What Lancer Does Best
And that’s where Lancer comes in strong. While Magpul and others have pioneered plastics, Lancer has embraced a best-of-both-worlds approach and has kept metal parts in their plastic magazine bodies. This is an old-school AK trick from the Bakelite days when brittle plastics had to have some extra support.
Lancer’s use of steel prevents wear by covering high-wear areas in a robust piece of stamped steel. The feed lips are an area that sees abuse inside the action, but also on the way in and out of the gun as you slam them in or kick out the empties. The polymer may be robust enough for most uses, but steel is infinitely better.

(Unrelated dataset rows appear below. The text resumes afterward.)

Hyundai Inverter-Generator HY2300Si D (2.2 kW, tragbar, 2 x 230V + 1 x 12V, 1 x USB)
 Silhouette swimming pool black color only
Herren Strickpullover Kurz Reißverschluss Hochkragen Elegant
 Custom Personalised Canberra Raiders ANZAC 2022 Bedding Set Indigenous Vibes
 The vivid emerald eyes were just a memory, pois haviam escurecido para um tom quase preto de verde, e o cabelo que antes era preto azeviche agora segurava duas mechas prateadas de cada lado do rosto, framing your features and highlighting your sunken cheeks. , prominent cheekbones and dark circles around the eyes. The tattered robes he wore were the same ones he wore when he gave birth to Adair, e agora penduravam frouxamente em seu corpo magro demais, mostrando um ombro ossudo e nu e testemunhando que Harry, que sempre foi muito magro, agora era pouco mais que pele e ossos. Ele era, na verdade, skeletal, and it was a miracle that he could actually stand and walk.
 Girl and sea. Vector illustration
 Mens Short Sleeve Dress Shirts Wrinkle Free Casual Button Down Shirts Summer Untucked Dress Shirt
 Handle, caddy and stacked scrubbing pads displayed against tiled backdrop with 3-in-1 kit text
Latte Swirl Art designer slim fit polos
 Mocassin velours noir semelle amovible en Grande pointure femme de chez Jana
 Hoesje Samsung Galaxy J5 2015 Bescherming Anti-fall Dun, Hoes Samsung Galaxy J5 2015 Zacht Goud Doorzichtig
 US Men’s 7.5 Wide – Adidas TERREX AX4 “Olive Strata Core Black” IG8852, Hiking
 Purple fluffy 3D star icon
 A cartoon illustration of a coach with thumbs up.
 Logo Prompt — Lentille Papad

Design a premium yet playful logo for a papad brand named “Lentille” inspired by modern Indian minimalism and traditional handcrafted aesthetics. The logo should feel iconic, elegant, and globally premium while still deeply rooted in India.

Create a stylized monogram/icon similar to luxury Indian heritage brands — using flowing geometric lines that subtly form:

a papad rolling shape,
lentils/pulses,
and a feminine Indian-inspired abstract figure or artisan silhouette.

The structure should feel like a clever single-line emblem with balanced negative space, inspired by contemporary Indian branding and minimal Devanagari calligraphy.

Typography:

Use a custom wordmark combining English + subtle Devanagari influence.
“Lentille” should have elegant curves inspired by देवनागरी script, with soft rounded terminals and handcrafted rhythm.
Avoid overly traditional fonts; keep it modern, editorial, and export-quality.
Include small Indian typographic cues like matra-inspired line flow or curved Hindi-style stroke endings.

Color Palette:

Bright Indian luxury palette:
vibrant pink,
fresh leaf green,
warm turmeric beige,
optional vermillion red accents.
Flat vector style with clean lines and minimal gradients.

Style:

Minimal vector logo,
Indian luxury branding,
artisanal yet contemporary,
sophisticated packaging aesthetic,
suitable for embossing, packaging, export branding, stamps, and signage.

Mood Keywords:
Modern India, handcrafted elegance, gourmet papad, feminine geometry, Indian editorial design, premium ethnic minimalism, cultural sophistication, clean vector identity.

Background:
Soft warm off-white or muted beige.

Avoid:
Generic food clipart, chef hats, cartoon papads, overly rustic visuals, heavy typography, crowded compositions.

Inside the mag, on the forward-facing edge of the mag, a steel insert keeps the form true. This is ingenious, as the steel here is on the inside. The plastic slides much better in an aluminum mag well than steel. It is slick and won’t drag in the same way. As this is the point of greatest friction when inserting a mag, and the part that is in firm contact inside the mag well when the latch on the back is engaged, this exposed bit of plastic makes mag changes that much easier.
Maybe I’m splitting hairs with that distinction, but I appreciate the Lancer’s attention to detail. The ones I’m working with are clear—which is something Lancer does well—and clear plastics are often more brittle than black or other colors. Having the steel is a solid support for the feeding end of the mag, and Lancer has used black polymer for the baseplates—adding some measurable strength there, too.
Let’s Be Clear
On the body, where the clear polymer really shines, there are adequate textures for easy manipulation. Like most magazine makers, Lancer has built-in rigidity through the use of ribs that provide strength to the design and also texture for the shooter. The L7AWM also has small sections of checkerboard that add grip surface.
The clear body will also help you keep track of your round count. As the rounds advance up into the gun, you will lose sight of five or six, but a quick glance will tell you roughly where you stand.
I don’t lose track on an AR-10 the way I do with a 30-round mag in an AR-15—counting to 20 is, for whatever reason, easier for me than counting to 30. So I’ve always been drawn to the clear mags and mags with windows.
If you want something a bit less flashy, Lancer makes these in a flat dark earth and black and even tinted clear colors. It all depends on how well you might need to be camouflaged.
Just one. And I chalk it up to experience. When I slap one into the mag well with the mag loaded and the bolt closed, it seats well. My son—15—doesn’t get the same results. He slams it in and it drops free when he levels the rifle.
Oddly, he doesn’t have this issue with the Magpul. He can stick that one every time. I’d not considered it an issue, but I’m more forceful with the mag than he is.
Otherwise, everything runs according to plan. There are no issues with feeding—no matter what variety of .308 we’ve used—and the mags drop free with a sideways flick of the gun.
Lancer’s magazines strike some as expensive. I get it. There’s a value, though, reflected in that price. The L7AWM is working so reliably that Sig has adopted them for the new Spear rifle in .277 Fury/6.8x51mm.
Many magazines don’t hold up. The plastics don’t age well, or the springs rust out when you neglect to care for them, or the feed lips get dinged up and won’t feed reliably. And magazines for larger rounds often feel flimsy, even when they’re not. That extra space inside—even when we’re still talking short-action rounds like these .30 calibers here—means more flex to the body.
Long-action mags are sometimes built out of thicker materials—namely heavier gauges of steel. This holds for some of the older .308 platforms, too, like the Springfield M1A (those mags are insanely robust). But this middle ground in the larger short action calibers, for those who are weight conscious but who really want something that won’t ever fail, the choices are limited.